Data under study Start Marker

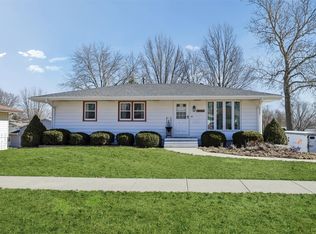 504 N 10th St, Indianola, IA 50125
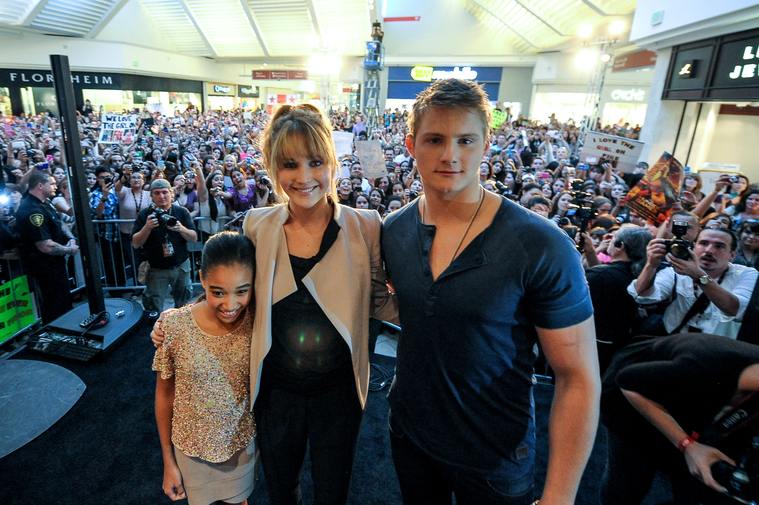 Jennifer_Lawrence_promoting_The_Hunger_Games_mall_promotion_tour_06.jpg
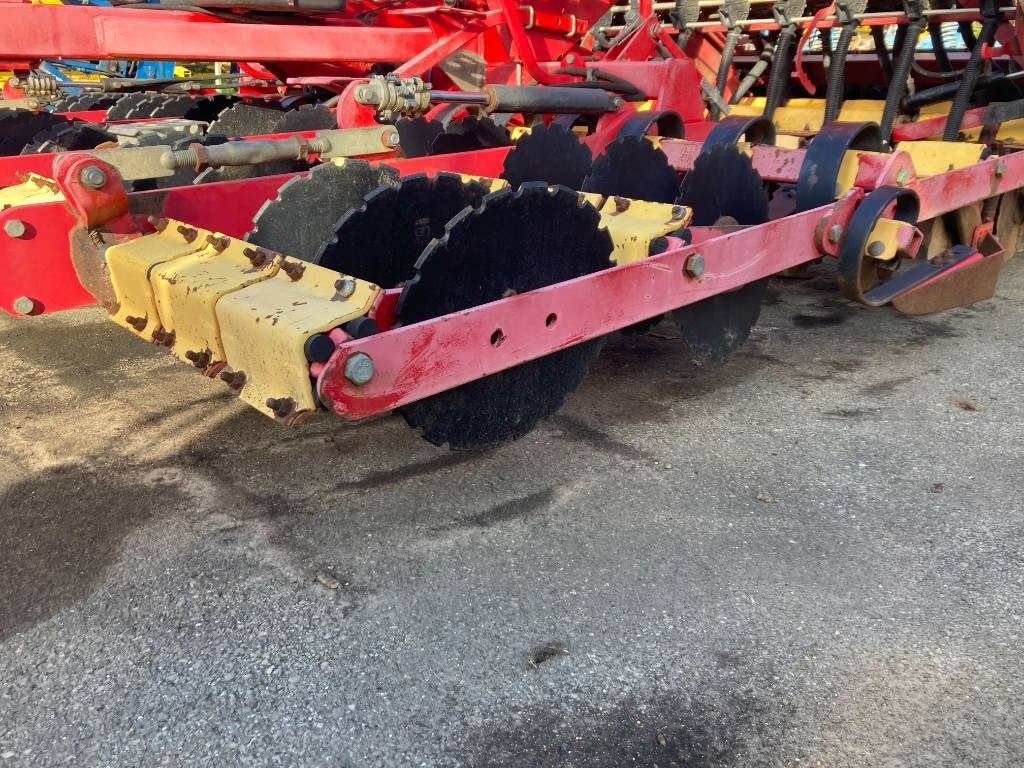Vaderstad Rapid 400C - الة بذر: صور 2 Vaderstad Rapid 400C - الة بذر: صور 2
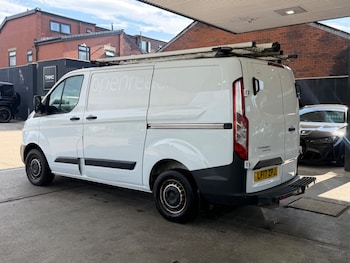 Used Ford Transit Custom 2017 for sale - 79169158: Photo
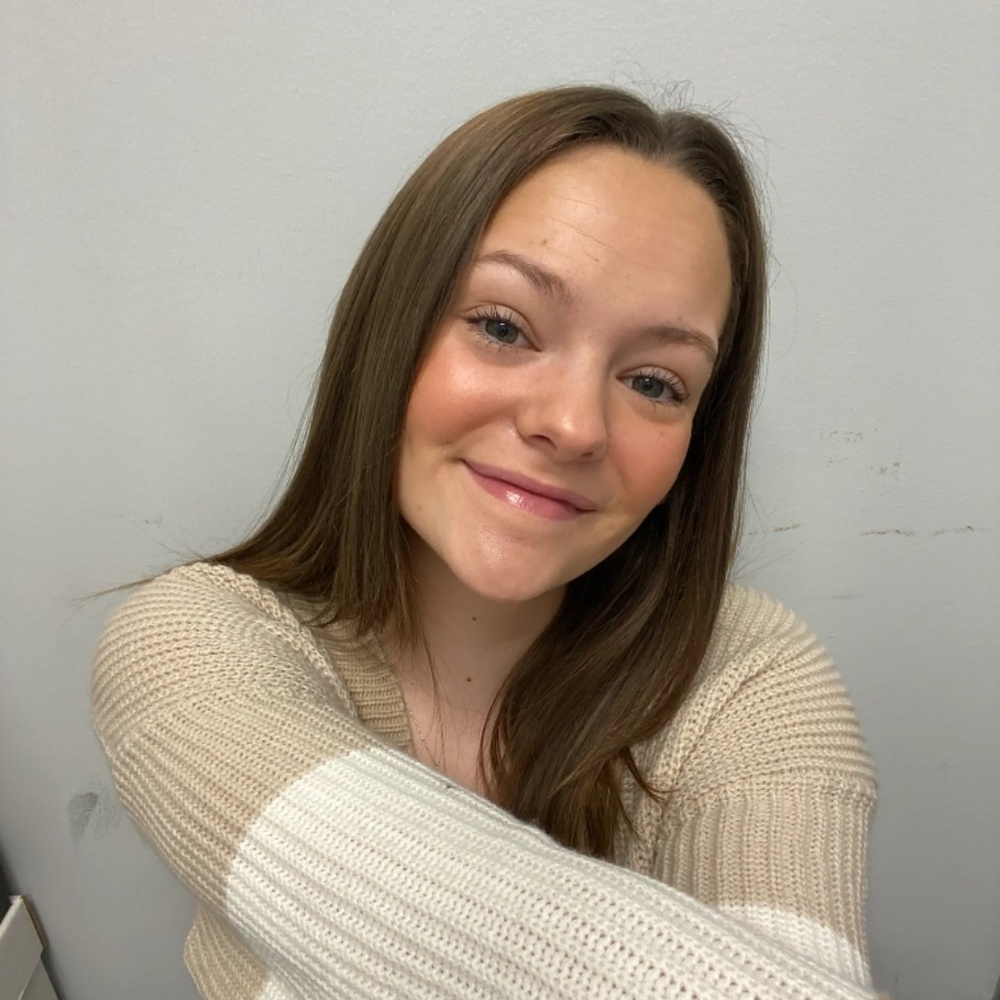 Meet your Posher, Loreli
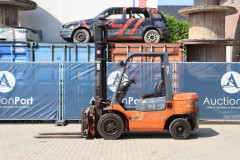 Forklift Toyota 02-7FDF30 Diesel 3000kg 4.5m 2006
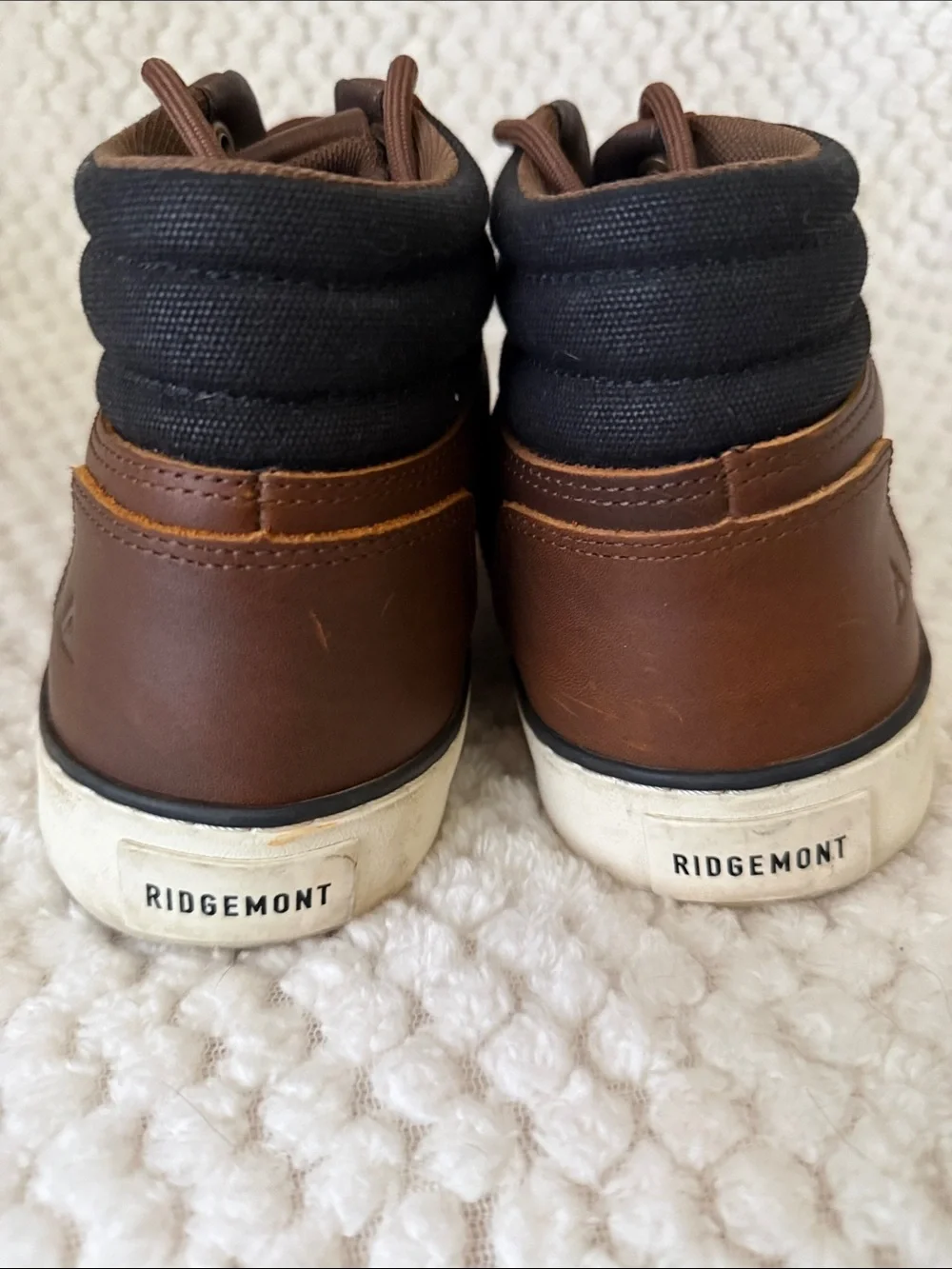Men's 10.5 Ridgemont Outfitter Hiking Boots water resistant traction grip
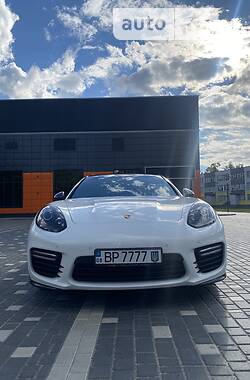 Седан Porsche Panamera 2013 в Мелитополе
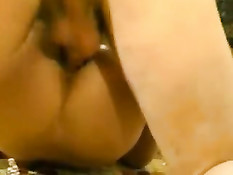 Мужик трахает подругу в разных позах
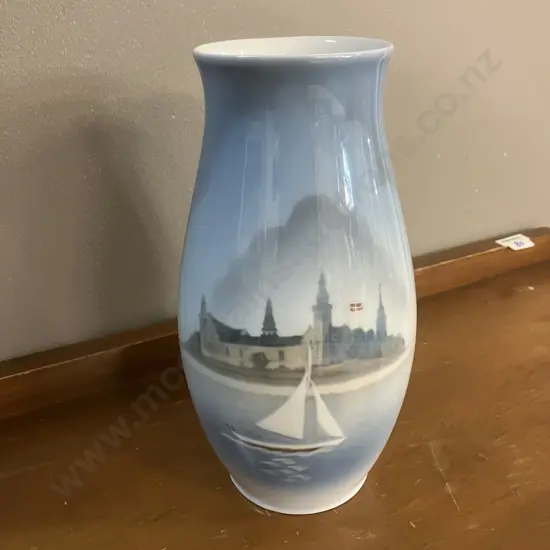 Bing & Grondahl Art Nouveau Vase With Kronborg Castle. #1302 / 6247. H22cm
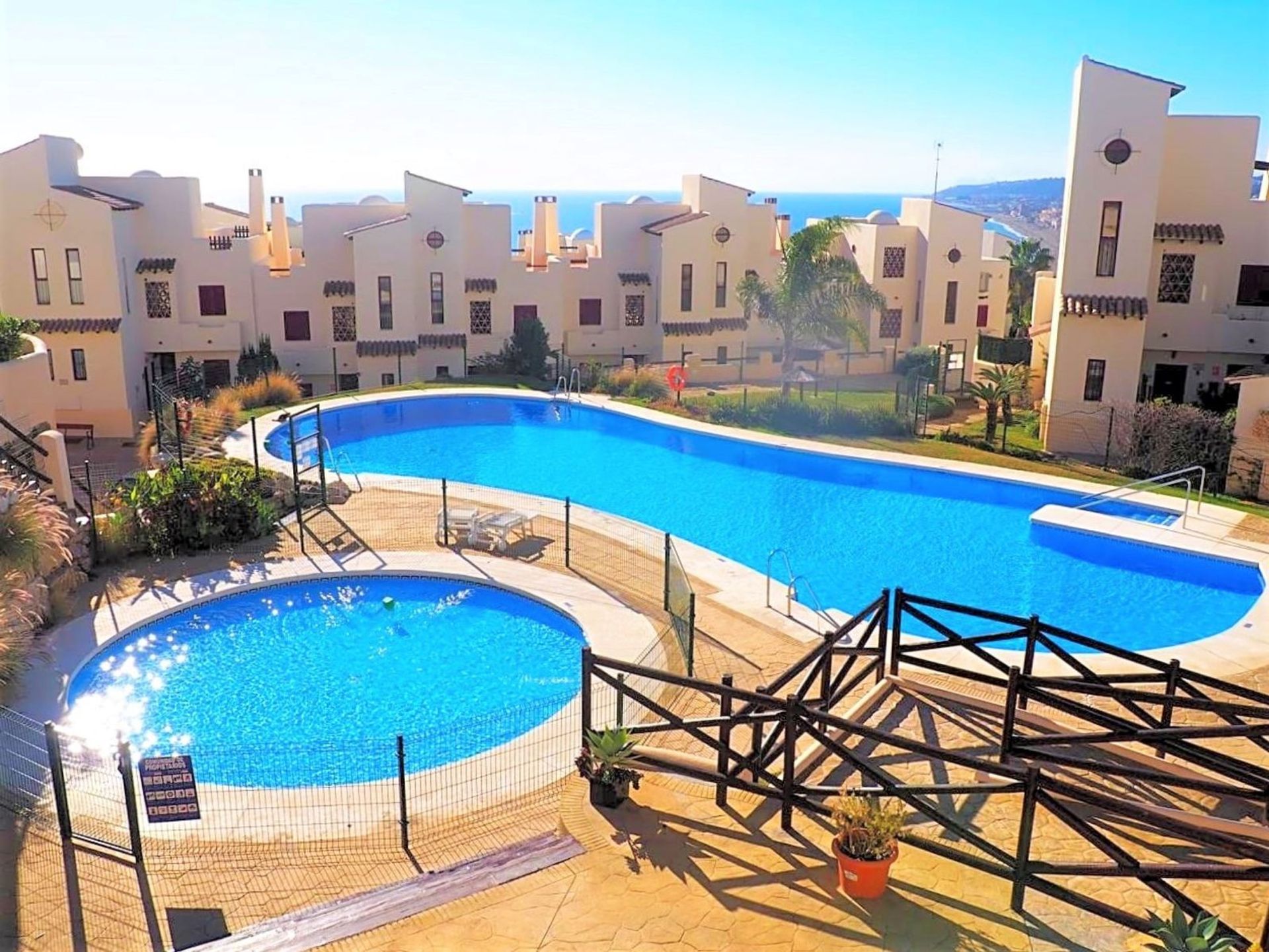 Condominium dans Puerto de la Duquesa, Andalusia 12392873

Data under study End Marker

The required output is the exact run of lines from the start of the records through the line containing "Forklift Toyota 02-7FDF30", both ends included, with no pictures.

 504 N 10th St, Indianola, IA 50125
 Jennifer_Lawrence_promoting_The_Hunger_Games_mall_promotion_tour_06.jpg
Vaderstad Rapid 400C - الة بذر: صور 2 Vaderstad Rapid 400C - الة بذر: صور 2
 Used Ford Transit Custom 2017 for sale - 79169158: Photo
 Meet your Posher, Loreli
 Forklift Toyota 02-7FDF30 Diesel 3000kg 4.5m 2006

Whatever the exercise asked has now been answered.